Manning in seiner Aussage: „Ich wusste, wenn ich fortfuhr, der Polizei in Bagdad dabei zu helfen, politische Gegner von Premier al-Maliki zu identifizieren, würden die eingesperrt und sehr wahrscheinlich von einer polizeilichen Spezialeinheit gefoltert. Man würde sie eine sehr lange Zeit nicht mehr sehen – wenn überhaupt.“ Also habe er Wikileaks das Material geschickt.

Es handelte sich um fast 450.000 Dokumente zum Irak- und Afghanistan-Krieg – sogenannte SigActs-Berichte, in Echtzeit niedergeschriebene Meldungen über „significant actions“ an der Front.

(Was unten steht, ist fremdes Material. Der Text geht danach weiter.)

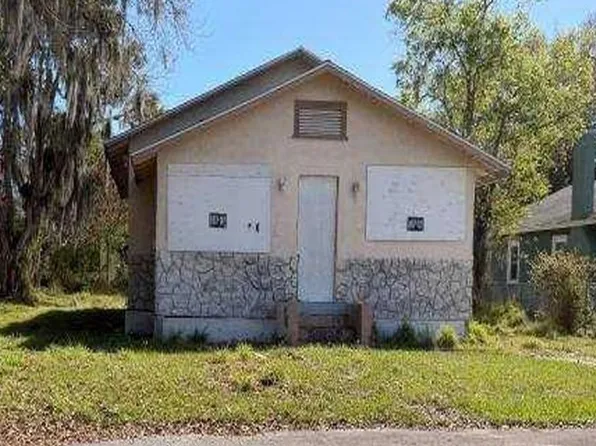322 N 12th St, Fort Pierce, FL 34950
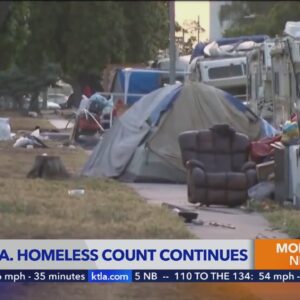 Revamped homeless count rolls into second day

Sie dokumentierten mehr als 100.000 Todesfälle. Das Material habe ihn deprimiert, sagte Manning. Er habe eine öffentliche Debatte in den USA anstoßen wollen über „Counterinsurgency-Operationen, bei denen die Menschen in den betroffenen Gebieten ignoriert werden“. Auf Heimaturlaub Anfang 2010 habe er die Washington Post und die New York Times wegen der Dokumente kontaktiert, aber es habe niemand zurückgerufen. Die Redaktionen beider Zeitungen geben heute an, sie wüssten von nichts.

Das außerordentliche Verfahren gegen Bradley Manning mit monatelanger Haft in einer 1,80 mal 2,40 Meter großen Zelle und „grausamer, inhumaner und erniedrigender Behandlung“, wie der UN-Sonderberichterstatter für Folter feststellte, sendet Signale.

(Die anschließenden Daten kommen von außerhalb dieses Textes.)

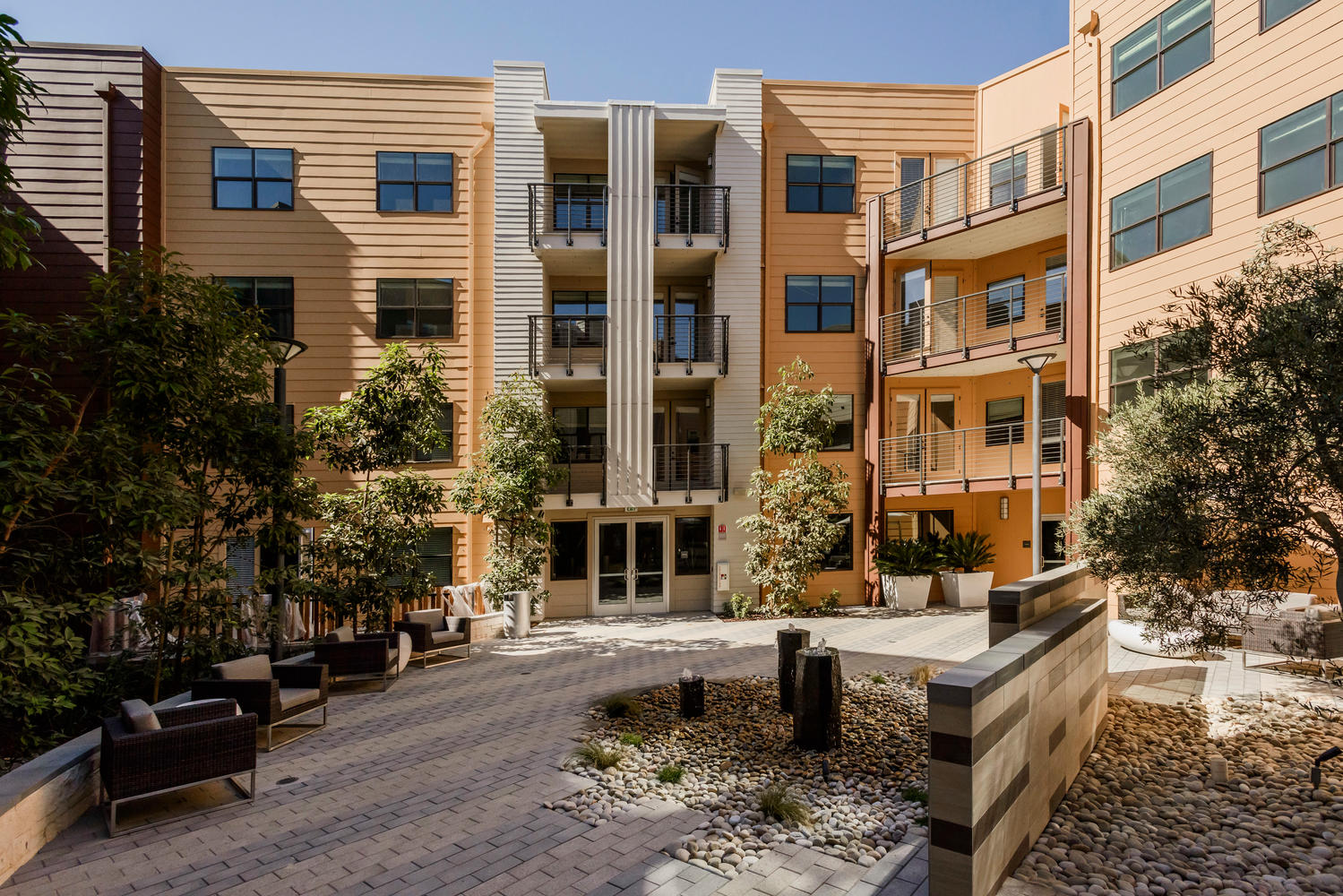 6tenEAST Reflect Courtyard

Hochrangige Regierungsvertreter lassen routinemäßig geheime Informationen durchsickern an die Medien. Was hat man nicht alles erfahren über die gezielte Tötung Bin Ladens. Selbst über die Sitzungen im Weißen Haus, bei denen der Präsident angeblich unter Abwägung aller Fakten entscheidet, welcher Terrorist als nächster getötet werden soll. Manning gilt als gefährlich, weil man nicht kontrollieren konnte, was der Soldat an Informationen freisetzte. Die digitale Welt macht den Regierungen Sorgen. Nicht umsonst warnen US-Geheimdienste „vor Cyber-Verbrechen“, die es zu bekämpfen gelte.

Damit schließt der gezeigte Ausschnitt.